** Source material follows **

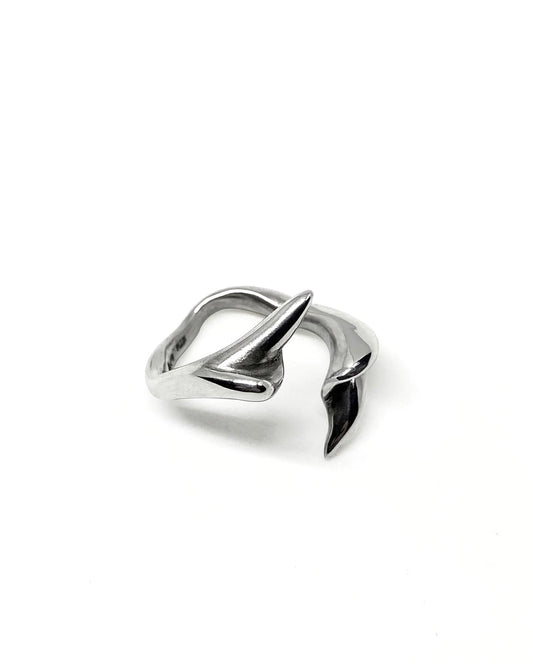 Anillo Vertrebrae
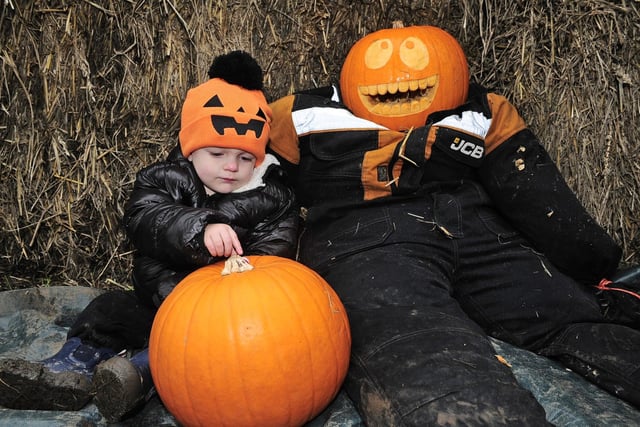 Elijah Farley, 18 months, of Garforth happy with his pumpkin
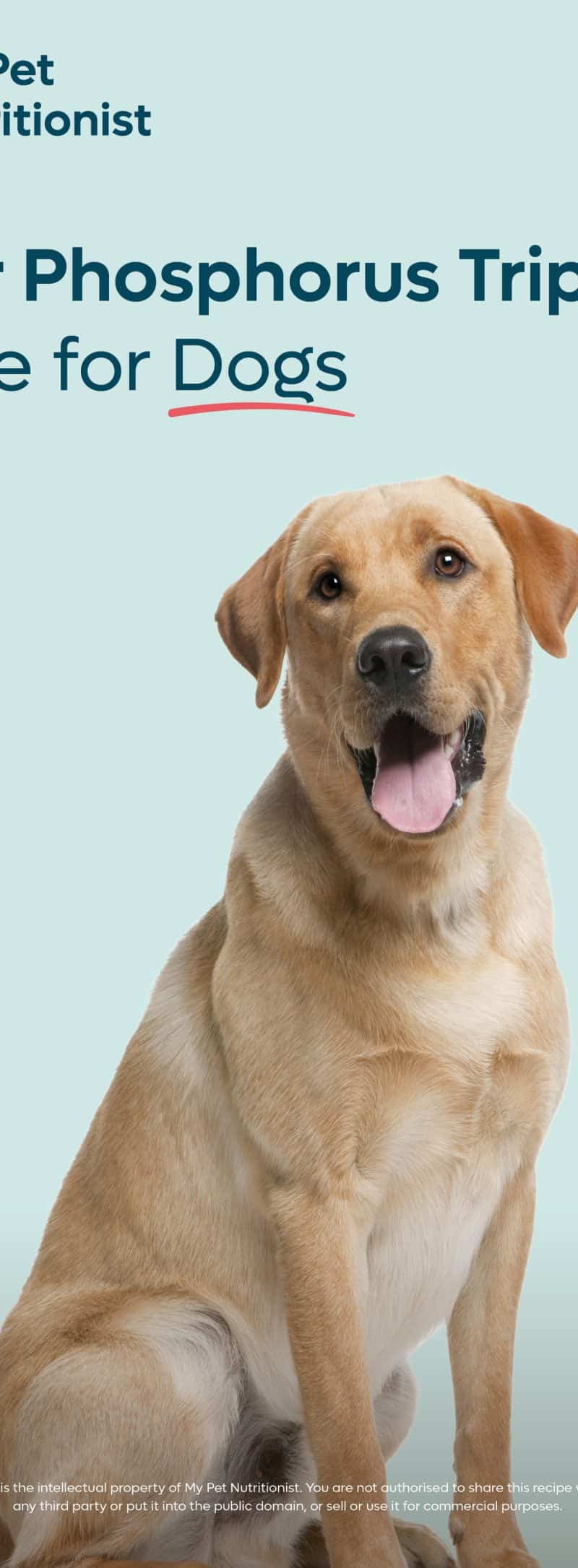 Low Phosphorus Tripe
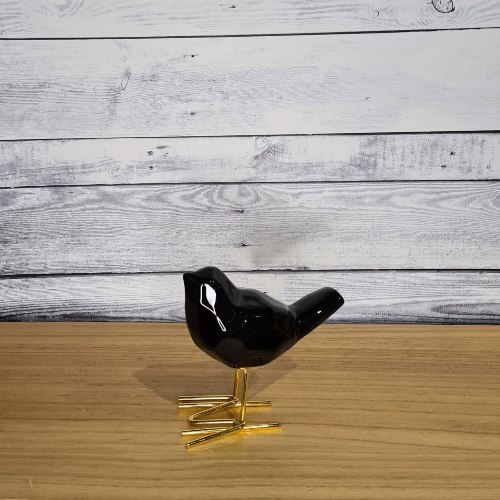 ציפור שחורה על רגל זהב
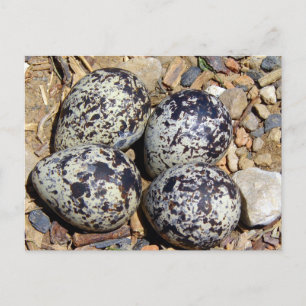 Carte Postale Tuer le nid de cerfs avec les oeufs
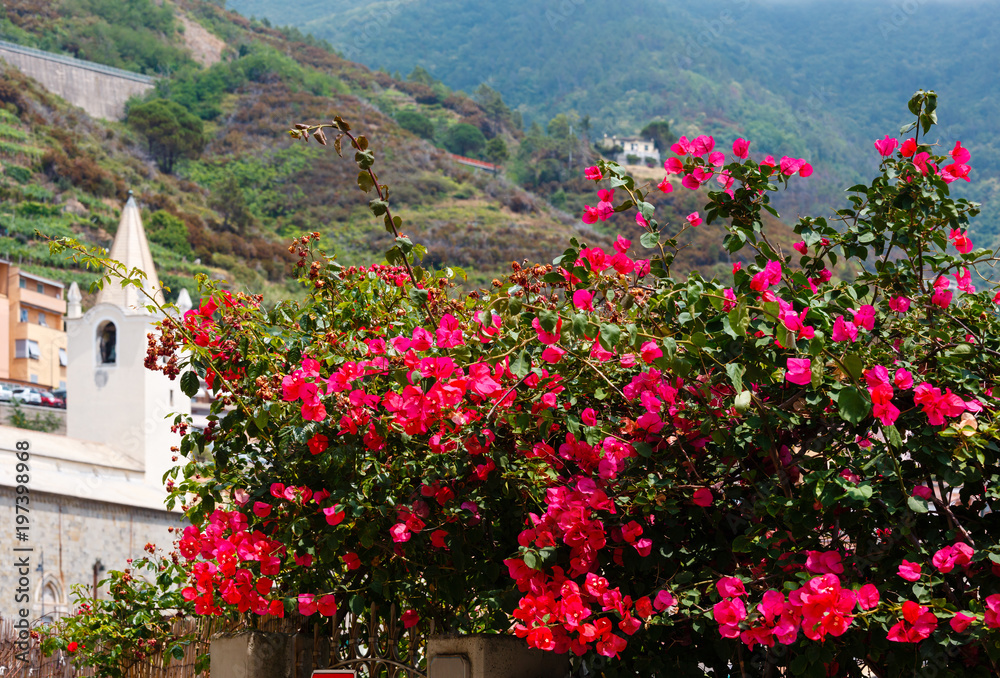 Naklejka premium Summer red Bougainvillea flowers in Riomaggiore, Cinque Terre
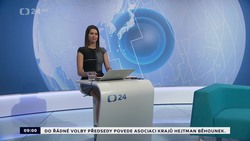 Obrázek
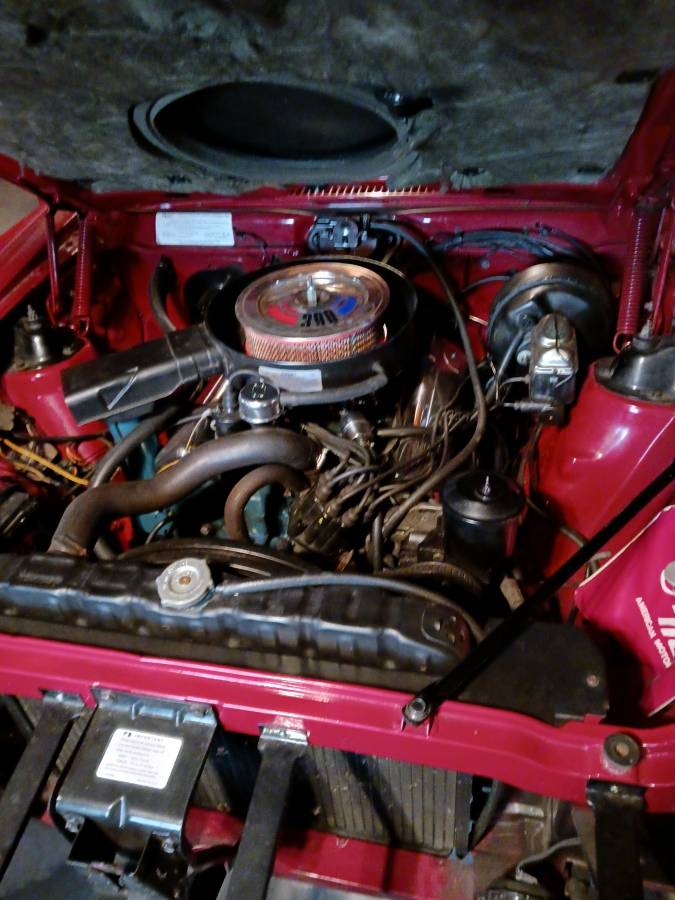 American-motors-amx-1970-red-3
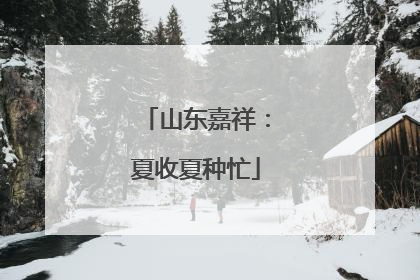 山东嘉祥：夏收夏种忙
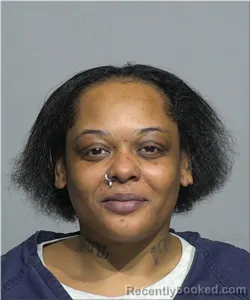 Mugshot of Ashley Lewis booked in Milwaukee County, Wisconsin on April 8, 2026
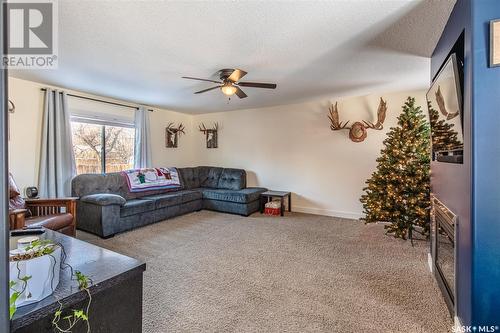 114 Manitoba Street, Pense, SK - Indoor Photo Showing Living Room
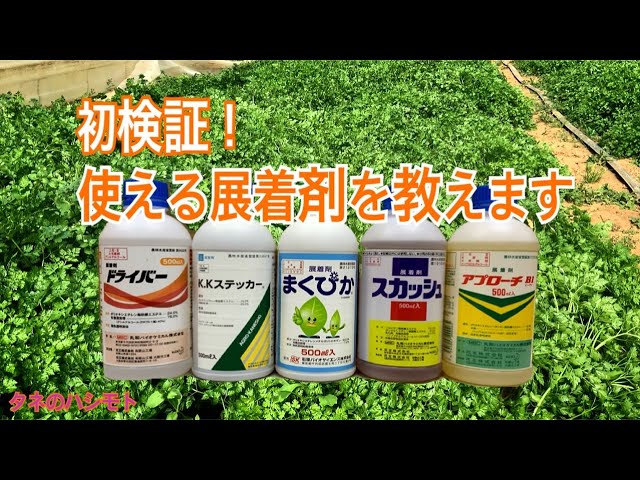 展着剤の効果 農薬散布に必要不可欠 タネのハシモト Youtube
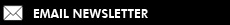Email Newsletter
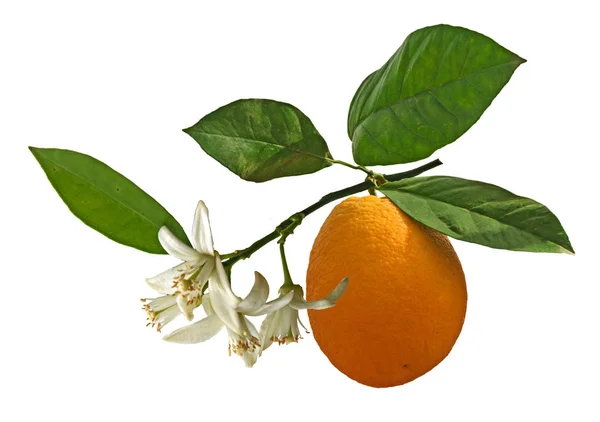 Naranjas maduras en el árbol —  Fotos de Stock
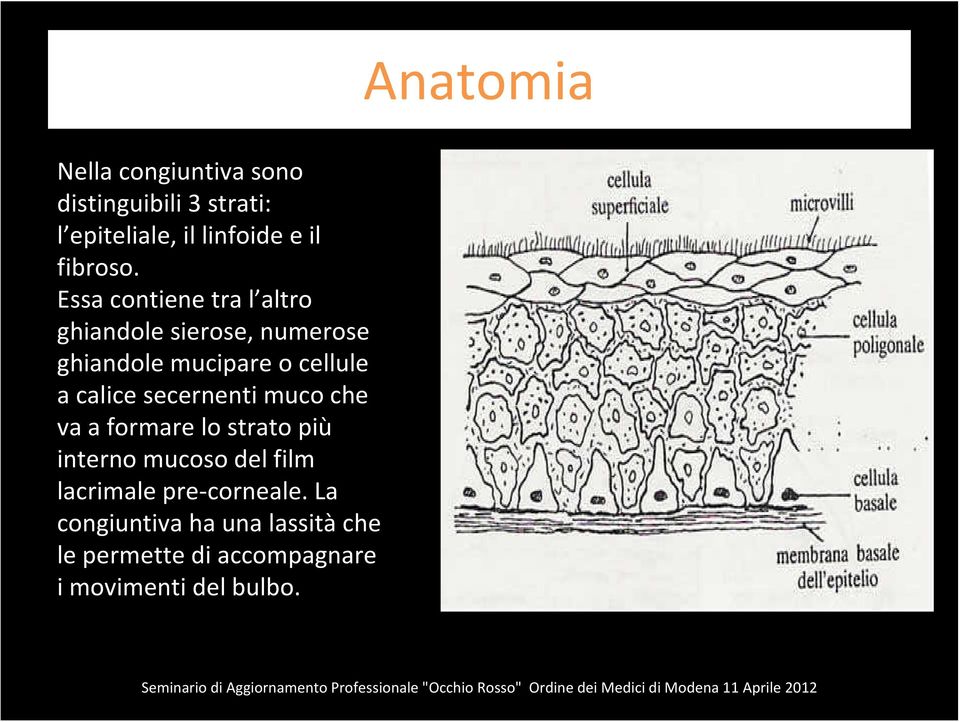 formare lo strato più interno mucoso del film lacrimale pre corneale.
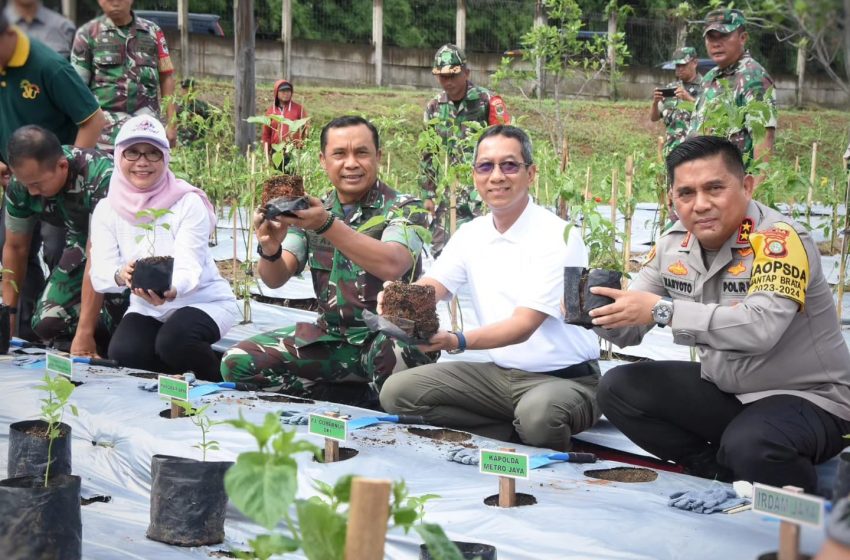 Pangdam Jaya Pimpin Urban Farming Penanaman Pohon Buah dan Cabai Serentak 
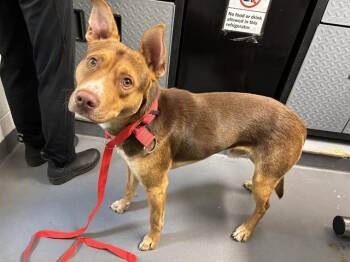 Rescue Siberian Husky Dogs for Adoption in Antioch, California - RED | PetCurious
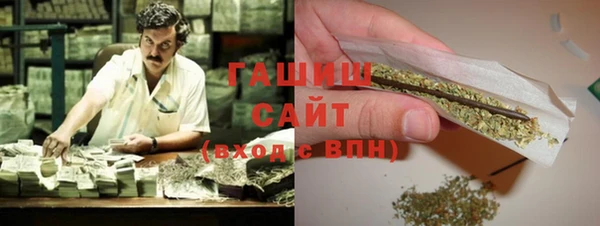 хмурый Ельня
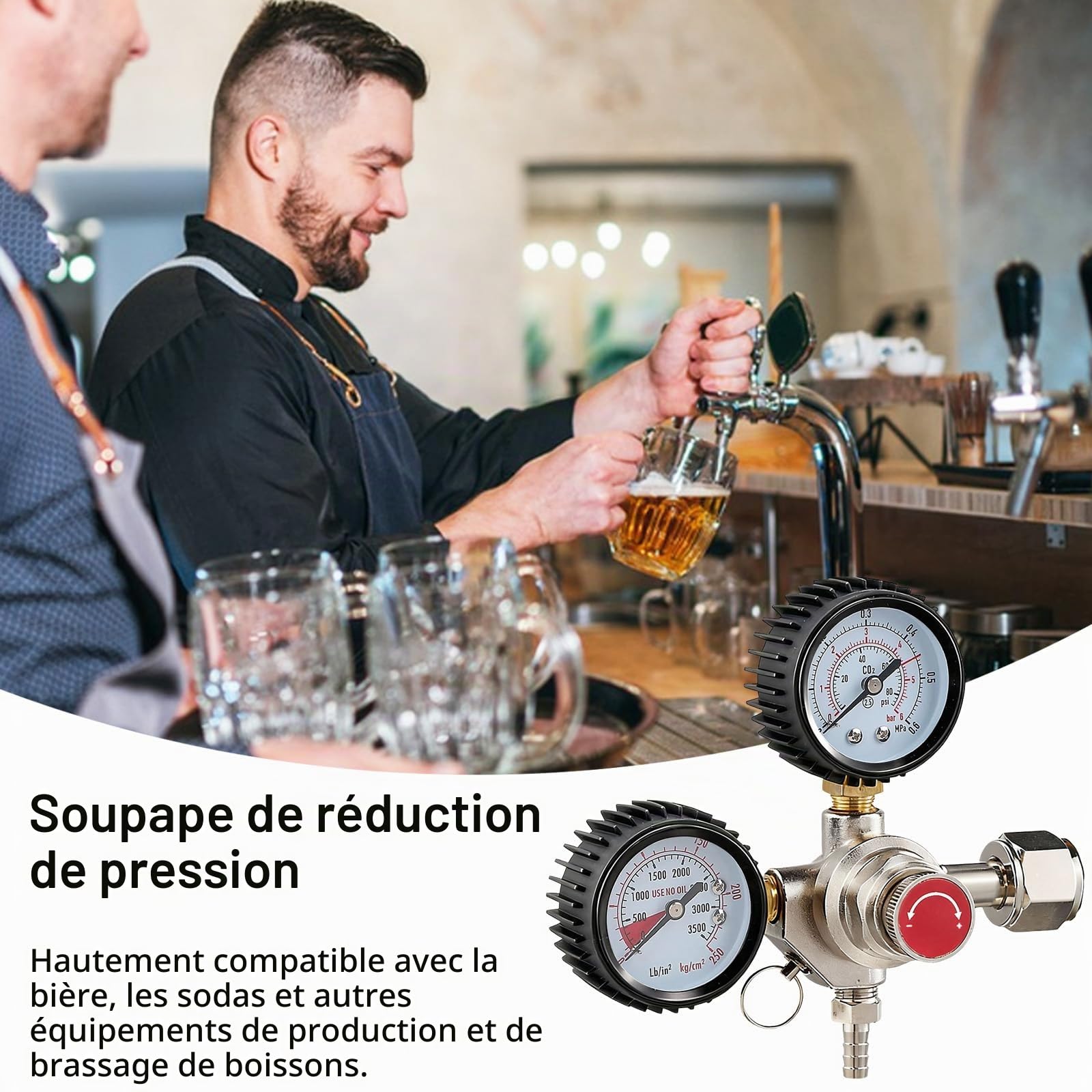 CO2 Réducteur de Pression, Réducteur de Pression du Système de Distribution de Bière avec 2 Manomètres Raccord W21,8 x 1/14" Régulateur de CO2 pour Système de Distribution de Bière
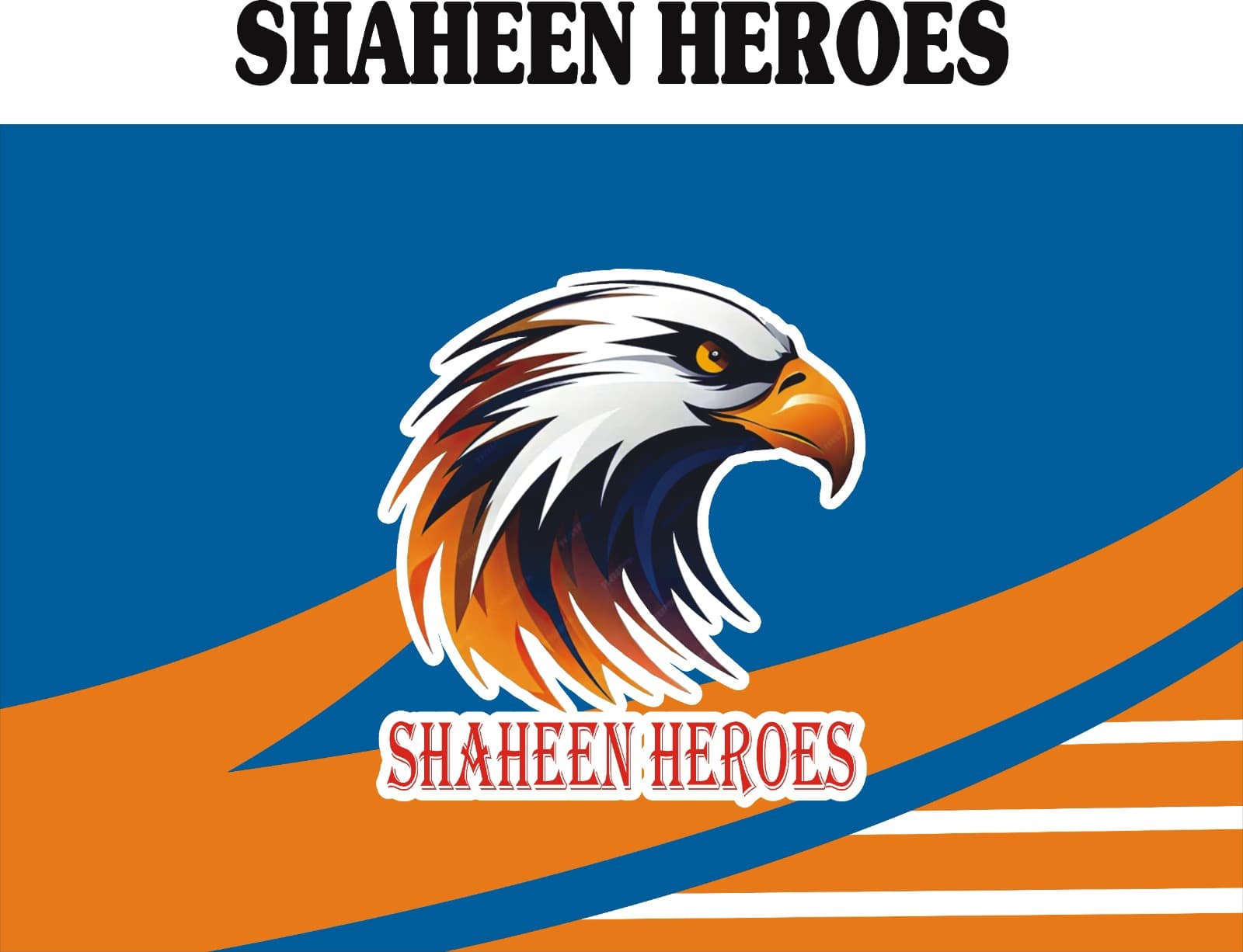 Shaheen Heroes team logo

** End of Source material **

- **What the task requires**: Except for the pictures, set down each line of the records exactly as it appears.

- **Exercise output**:
 Anillo Vertrebrae
 Elijah Farley, 18 months, of Garforth happy with his pumpkin
 Low Phosphorus Tripe
 ציפור שחורה על רגל זהב
 Carte Postale Tuer le nid de cerfs avec les oeufs
 Naklejka premium Summer red Bougainvillea flowers in Riomaggiore, Cinque Terre
 Obrázek
 American-motors-amx-1970-red-3
 山东嘉祥：夏收夏种忙
 Mugshot of Ashley Lewis booked in Milwaukee County, Wisconsin on April 8, 2026
 114 Manitoba Street, Pense, SK - Indoor Photo Showing Living Room
 展着剤の効果 農薬散布に必要不可欠 タネのハシモト Youtube
Email Newsletter
 Naranjas maduras en el árbol —  Fotos de Stock
 formare lo strato più interno mucoso del film lacrimale pre corneale.
 Pangdam Jaya Pimpin Urban Farming Penanaman Pohon Buah dan Cabai Serentak 
 Rescue Siberian Husky Dogs for Adoption in Antioch, California - RED | PetCurious
 хмурый Ельня
 CO2 Réducteur de Pression, Réducteur de Pression du Système de Distribution de Bière avec 2 Manomètres Raccord W21,8 x 1/14" Régulateur de CO2 pour Système de Distribution de Bière
 Shaheen Heroes team logo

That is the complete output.